Purchasing the former T's at East Main and Second streets also preserved the decor that interior designer Julie O'Dwyer dreamed up. After closing the doors last winter, T's co-owner Tika Squires courted O'Dwyer to take over.

"She established a great vibe and a great feel and a great reputation," O'Dwyer said.

Playing on the eatery's previous name, Rosewood and O'Dwyer are plying the palate with petite portions and coy cocktails. They also recast Tease as a nightlife venue in hopes of attracting more locals. Tonight's "grand re-opening" will host the Flat Five String Band and woo diners with a few complimentary tidbits to accompany its regular menu served from 5 to 9 p.m.

Considering numerous parties last week received an e-mail invitation to Tease, I expected to wait for a table when my friend and I arrived — on First Friday, no less — without a reservation. But the restaurant was nearly empty, and the staff graciously seated us.

By 9 p.m., the place had filled up in anticipation of One Horse Shy.
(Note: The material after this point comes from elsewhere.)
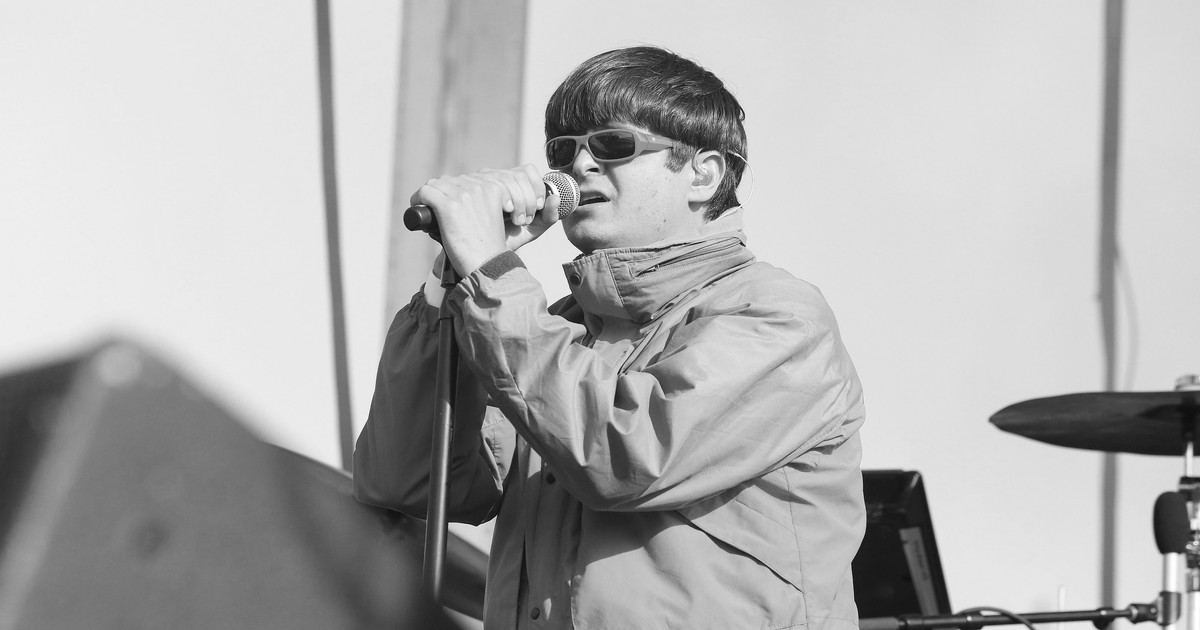Imaginea îl surprinde pe un artist în timpul unui concert, cântând la microfon pe o scenă în aer liber. Acesta poartă o geacă largă și ochelari de soare, având o apariție distinctivă și o atitudine concentrată în timpul prestației.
We moved to plush chairs farther away from the speakers and spent an hour listening to the Ashland band's original country tunes and riffs on a few classics. My friend commented that Tease did an exceptional job of making customers feel at home even if they ordered just a drink or an appetizer while taking in the show. Guests who arrived after the dinner hour were charged a $3 cover.

The butternut squash spring rolls ($6), we agreed, warrant a trip back any time. Stuffed with squash, spinach and hazelnuts, these were an obvious choice as appetizer, along with the Pangea cocktail, combining vodka, blood orange juice, lemon juice and rosewater. Presented with a pink rose petal floating on top, the drink smelled divine but could have been a little sweeter for my tastes.

We also selected the goat cheese croquettes with sugar-frosted grapes ($7) from the menu's "Teases" heading. Liberally flavored with herbs, the croquettes' warm, rich filling defied their plain exteriors.

Guessing that paying double the price of other menu items might portend double the portions, we ordered phyllo-wrapped halibut ($15) and duck risotto ($13). In contrast to the two previous "very small plates" — or so my friend said — these were more appropriate as entrees.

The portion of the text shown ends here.